Even with all the Year of the Rookie talk from last season, I’m still not sure we appreciate how special these three shortstops are. Limiting the sample to players age 22 and younger, Seager is the best hitter (by OPS+) at the position over the first two seasons of his career during the expansion era. Correa is second, Lindor is third, and 2005–06 Hanley Ramirez, who went on to be a three-time All-Star on the strength of his bat alone, is fourth. Since 1961, only three other shortstops 22 and younger have posted even a league-average OPS+ over their first two seasons.
When Lindor came out of high school, the fear was that he wouldn’t have playable game power, that not only would he fail to grow into the kind of 30-homer guy Seager and Correa look like, but that he’d get the bat knocked out of his hands, struggling to drive the ball to the gaps and square up hard fastballs. Lindor turned out to be stronger than that, strong enough to become an impact hitter — not just for a 22-year-old, not just for a shortstop, but for anyone. The offensive gap from Correa to Lindor isn’t enough to make up for a two-win difference in the field. The offensive gap from Seager to Lindor is big enough that one more leap from Seager could make the difference, but even so, Lindor’s defensive advantage is even bigger.
And if Lindor’s the best shortstop now, it’s overwhelmingly likely that he stays there, since Seager and Correa will both almost certainly have to move to third base. It’s an underrated disadvantage of being big — almost every big shortstop eventually moves to a corner, where he’s less valuable. As men mature into their mid-20s, they get bigger and stronger, but also less agile and quick. That matters little for Lindor, who has agility and flexibility to spare, but for the bigger, slower Seager and Correa, that maturation will ultimately push them off shortstop entirely. With Alex Bregman looking like the next big thing, and totally capable of holding down shortstop, that moment might come for Correa as soon as next season. Lindor is the only one of the three who projects to stay at short for his whole career.
So if Lindor is the best player, why isn’t he the biggest star?
It’s about perception. Correa and Seager play in bigger markets, and both have already been tested under the lights of the postseason. Correa is also preposterously charismatic, which makes him easier to market. Cleveland is a tough place to become a star, particularly for a baseball player.

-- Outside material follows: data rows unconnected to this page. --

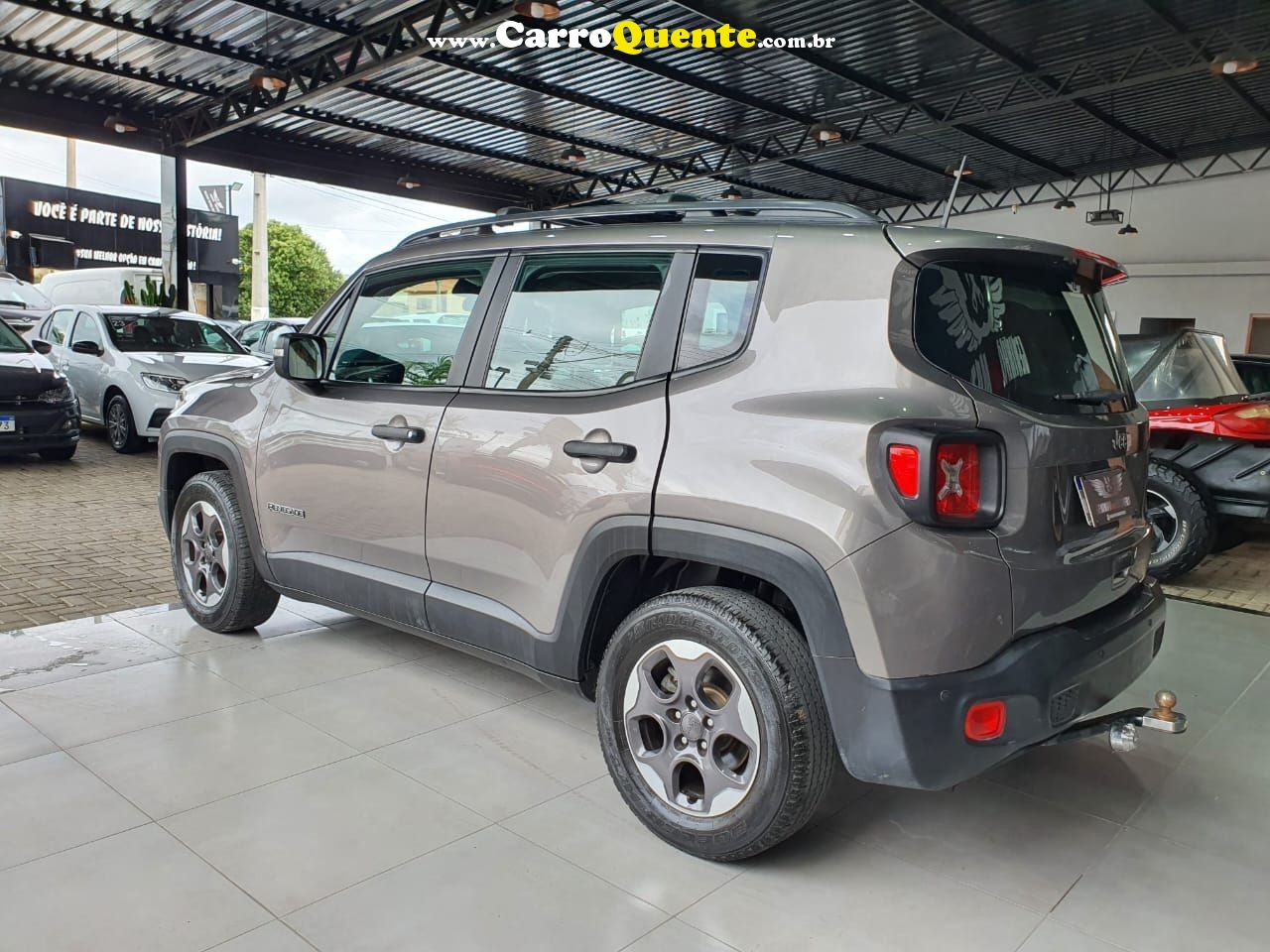 JEEP RENEGADE 1.8 16V SPORT - Loja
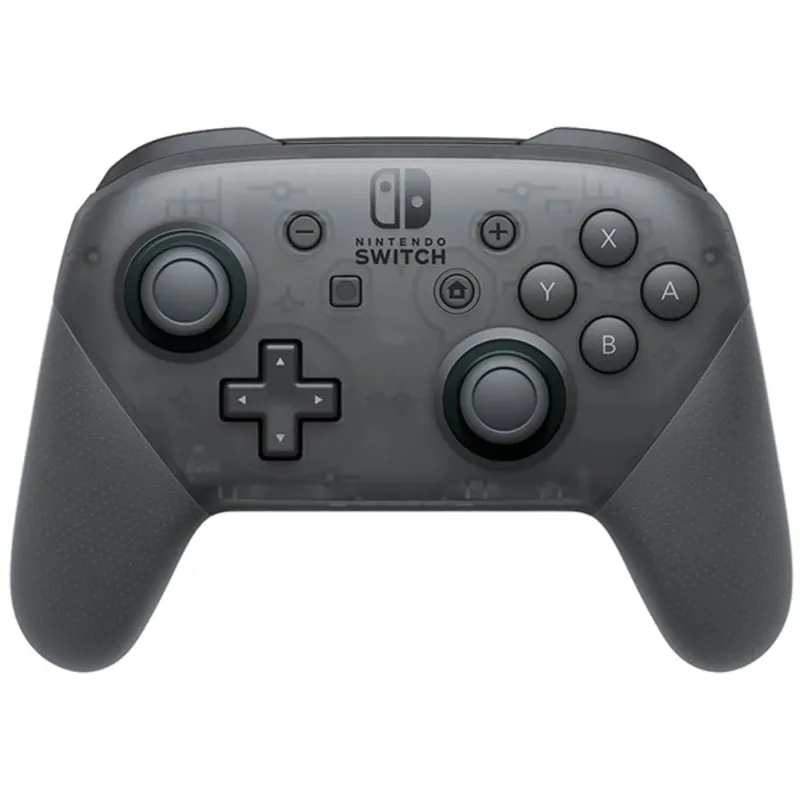 Nintendo Switch Pro Controller fekete vezeték nélküli kontroller Nintendo Switch Pro Controller fekete vezeték nélküli kontroller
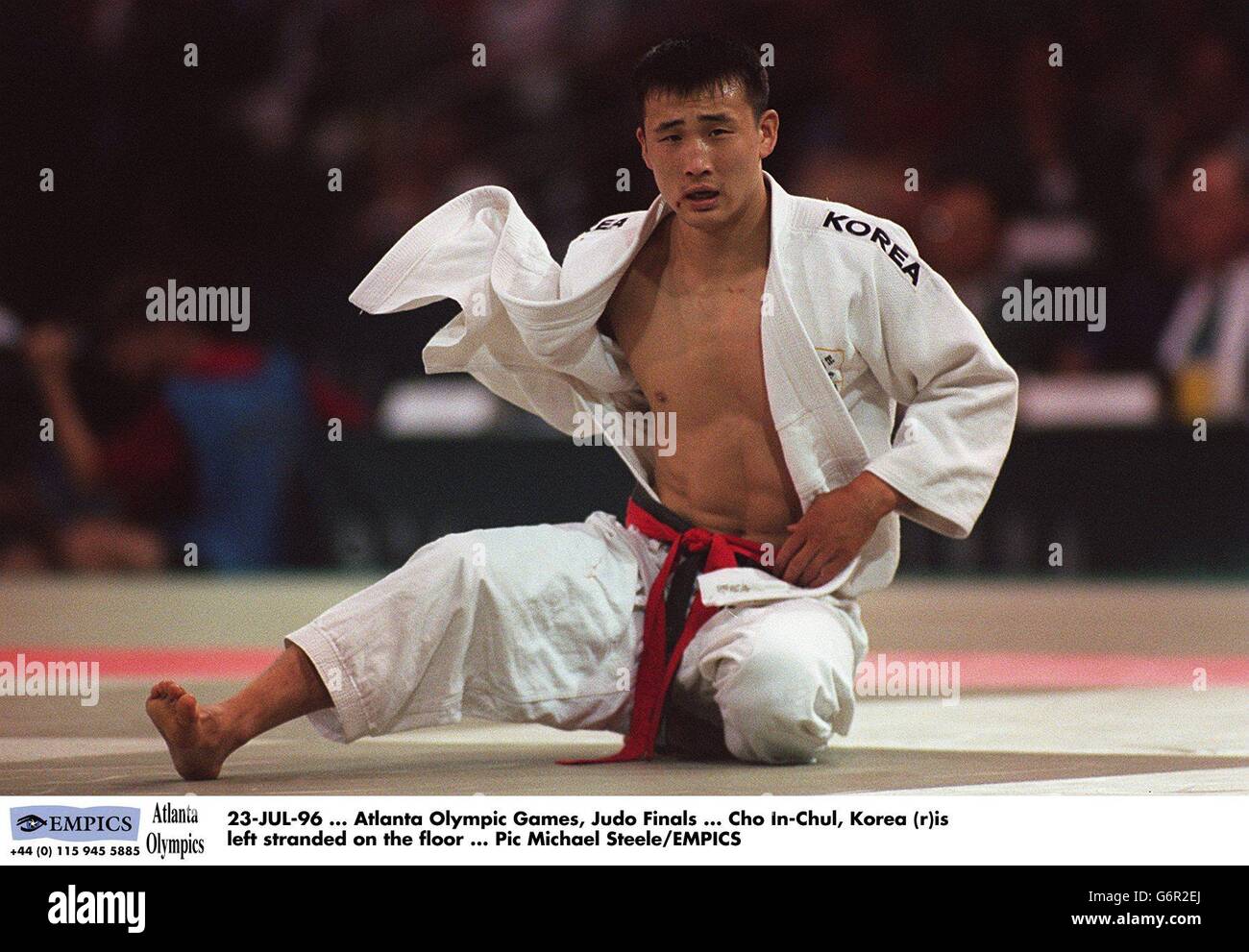 Atlanta Olympic Games. Judo Finals Stock Photo Alamy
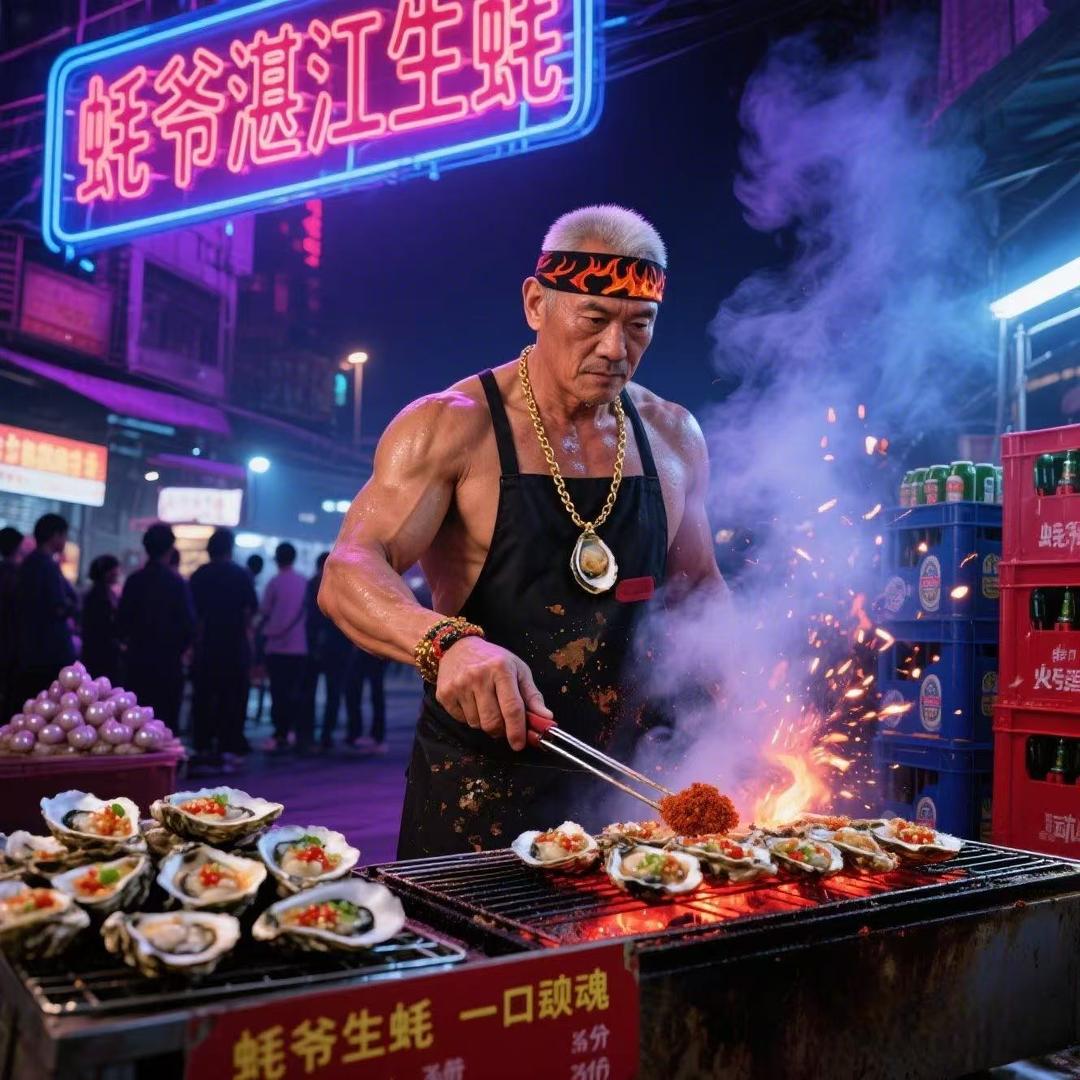 蚝爷蚝铺电子商务工作室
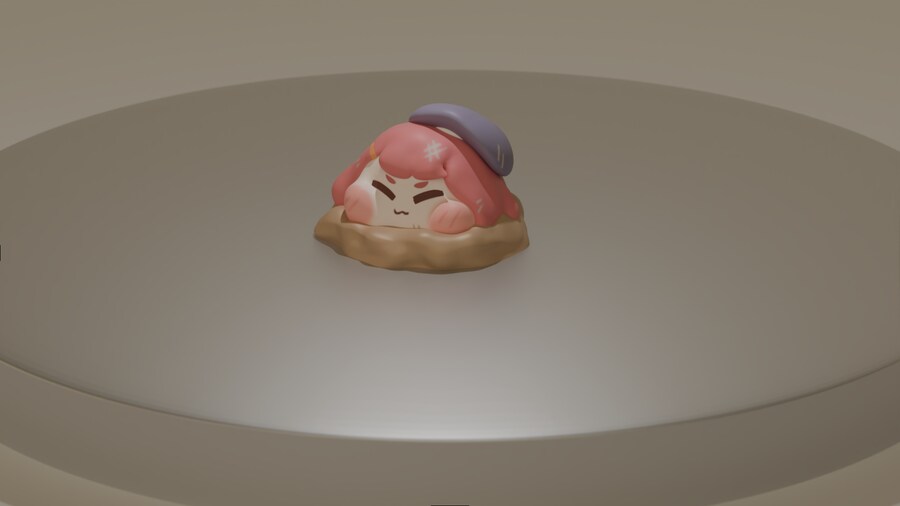 트릭컬) 멜트다운버터 3D모델링 해봤습니다._4.png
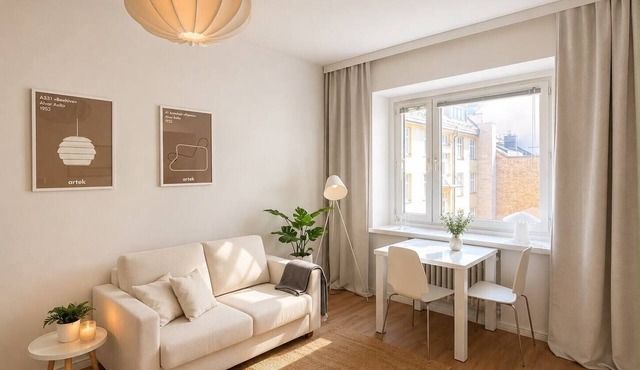 Bright Design District Studio in Helsinki in Helsinki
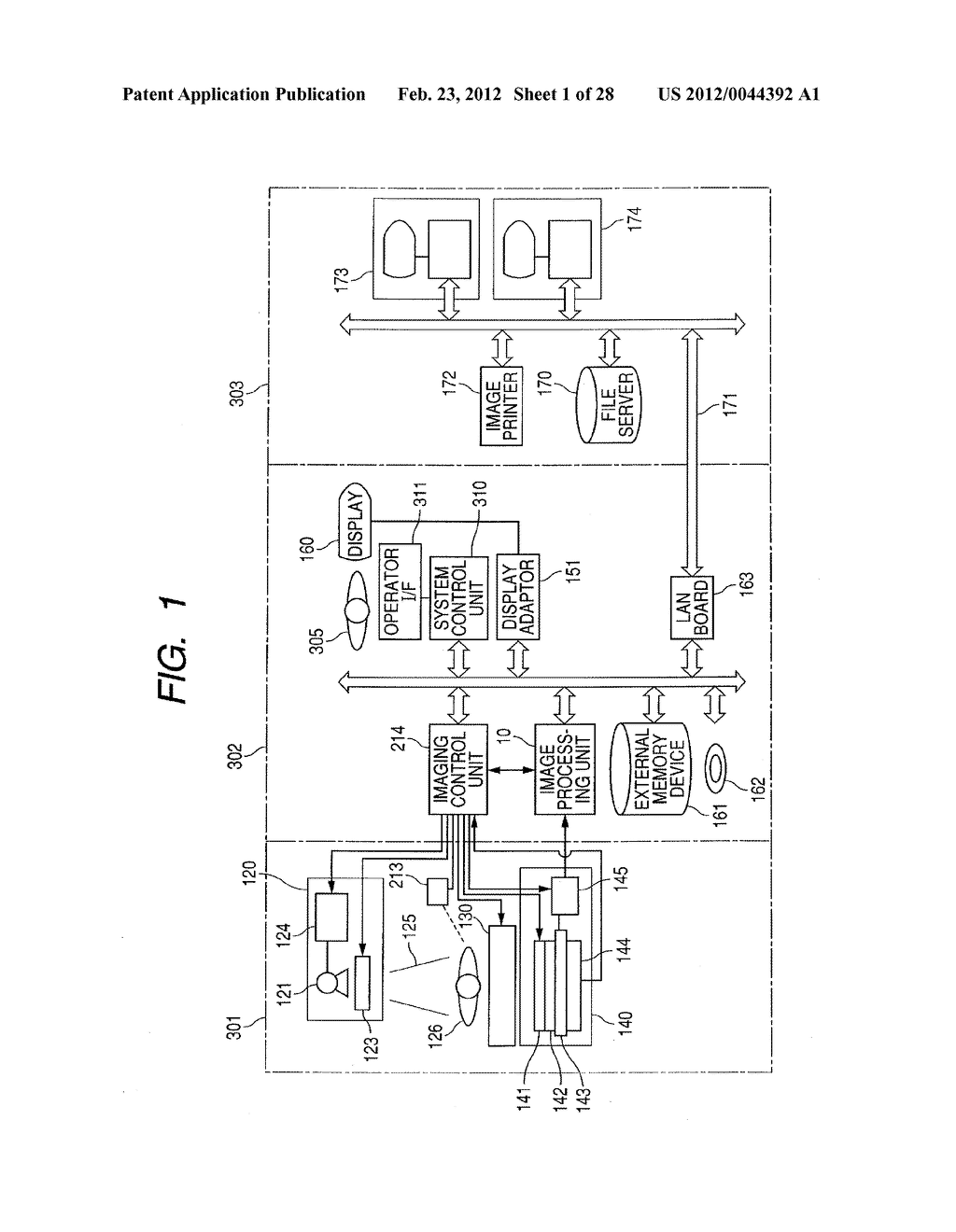 IMAGING SYSTEM AND METHOD FOR ERROR-REDUCTION PROCESSING - diagram, schematic, and image 02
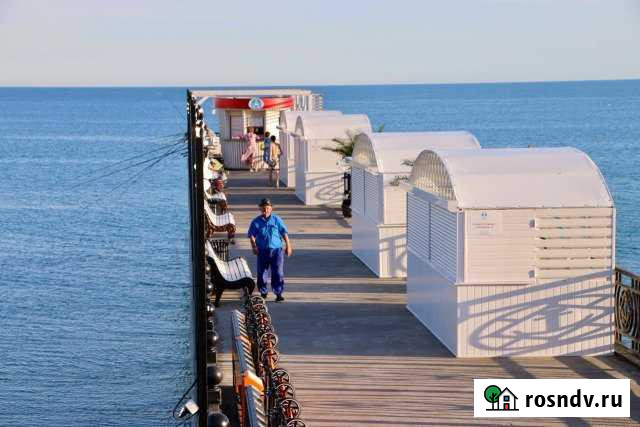 Павильон на Пляже Роза хутор Сочи - изображение 1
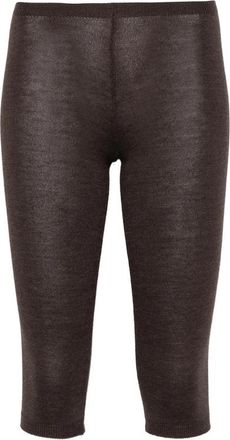 Paloma Wool Fine-knit Cropped Shorts
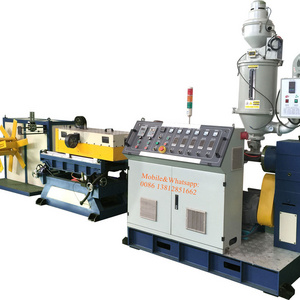 PP PE PVC pipe making machine price/Plastic flexible pipe extrusion production line/ Electric conduit pipe machine extruder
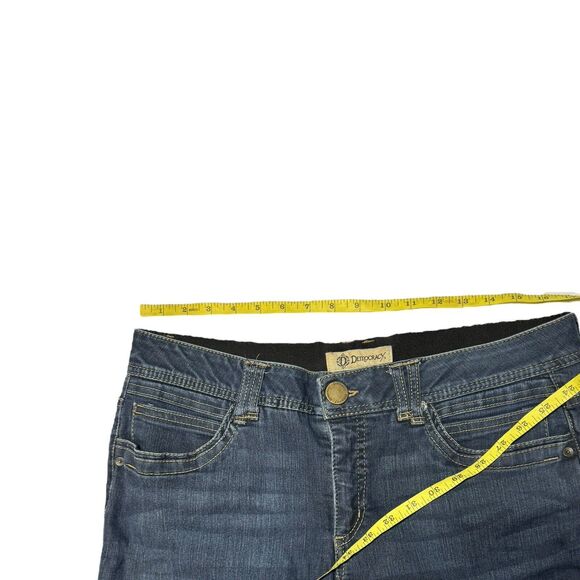 Democracy Jeans Womens 14 Ab Technology‎ Skinny Jeans Medium Wash Blue #2322 - Picture 7 of 10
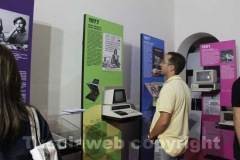 La mostra dei computer antichi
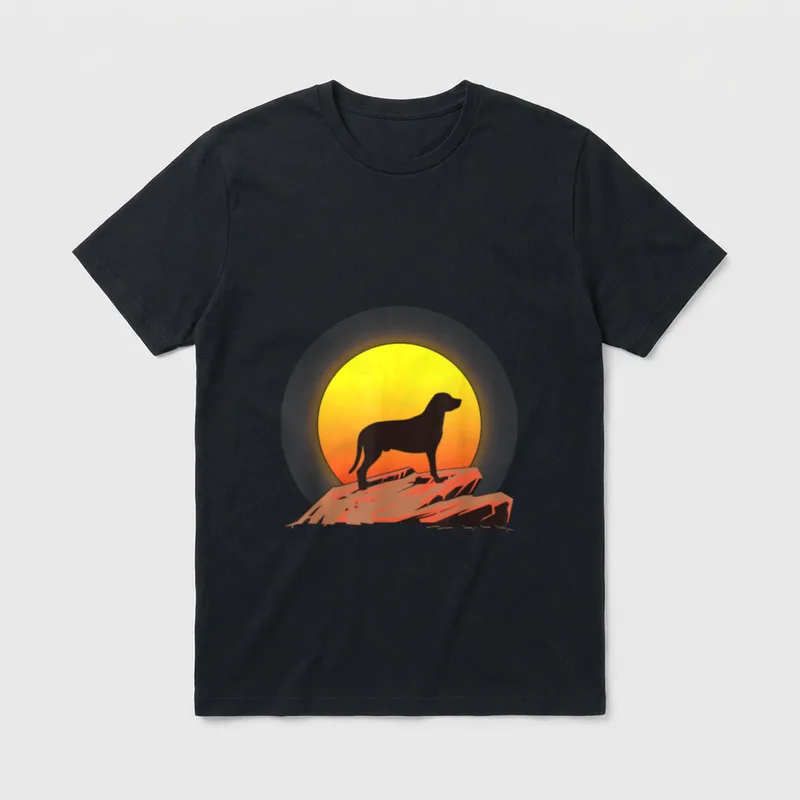 Grosser Schweizer Sennenhund Hunde T-Shirt – Klassisches T-Shirt in Schwarz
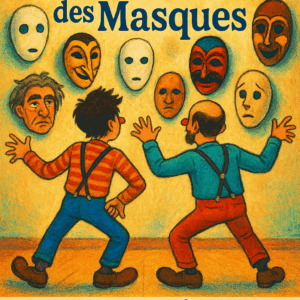 LE SECRET DU MAITRE DES MASQUES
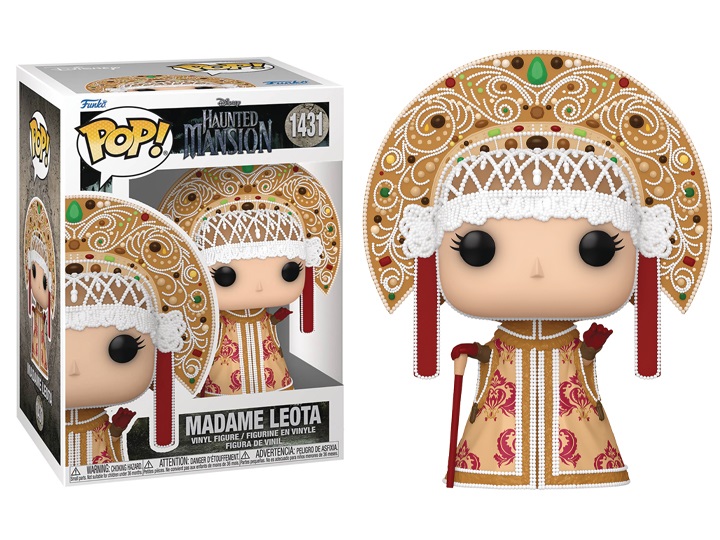 pos-889698723688-e72e441c9de5630648a1d55f0e5eb39f.jpg Funko POP! Disney Haunted Mansion N° 1431 - Madame Leota - Image 1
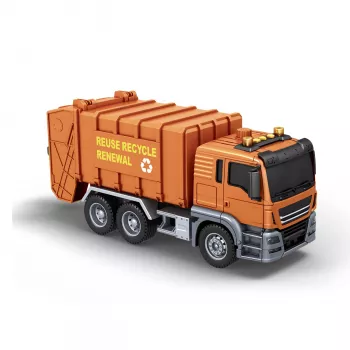 Koala Games G2596 Šiukšliavežis - Trinties varomas žaislinis automobilis su šviesomis ir garsais
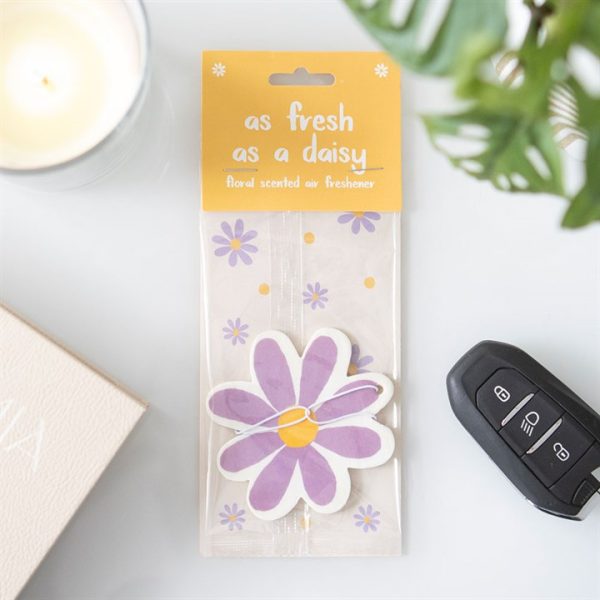 Daisy Floral Scented Air Freshener | Bed Sava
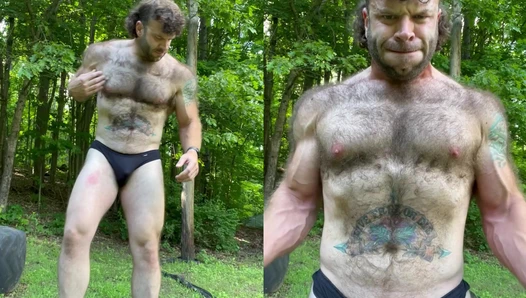 Join me for a quick outdoor workout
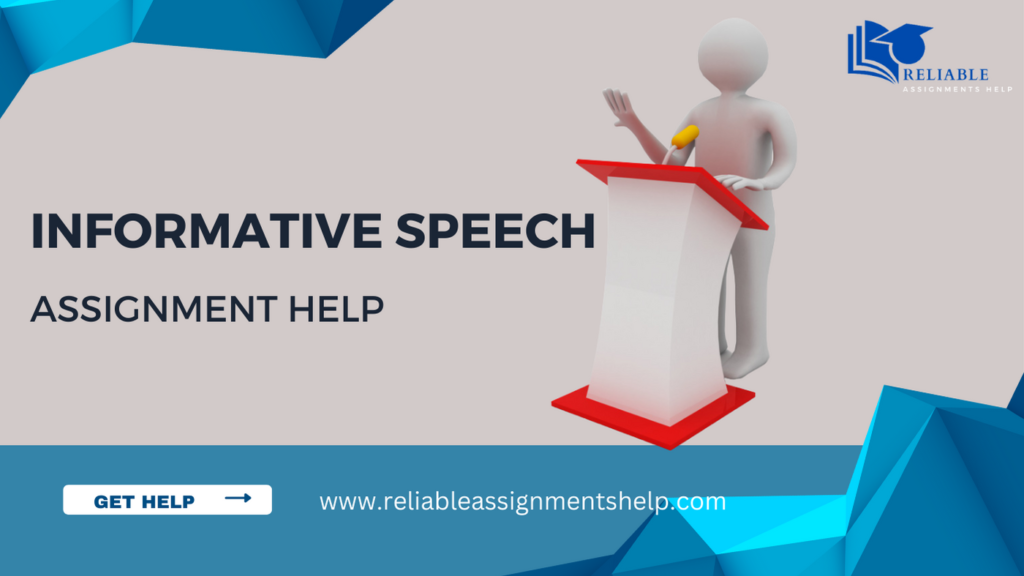 Informative Speech assignment help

Beyond that, it’s about what we can see. Home runs are big, so we value them more than singles. You can’t perceive range factor or a heady turn on a double play the way you can a home run. And even though Lindor has his share of defensive highlights, so do Correa and Seager, because big dives and close plays at first aren’t necessarily the result of great defense — they’re the result of a player reaching the edge of his capability. Correa and Seager dive for balls that Lindor can reach standing up, and what looks like a tough play for a lesser defender looks easy for Lindor, and therefore doesn’t make SportsCenter.
You have to look past the superficial stats to see that Lindor is not only among a special class of shortstops, but that he’s the best of the bunch. For that reason, his star might never be as big as Correa’s or Seager’s, even if he maxes out his potential and turns into Derek Jeter with better defense.
And that’s fine, because we know that big is about getting attention, but good is about getting shit done.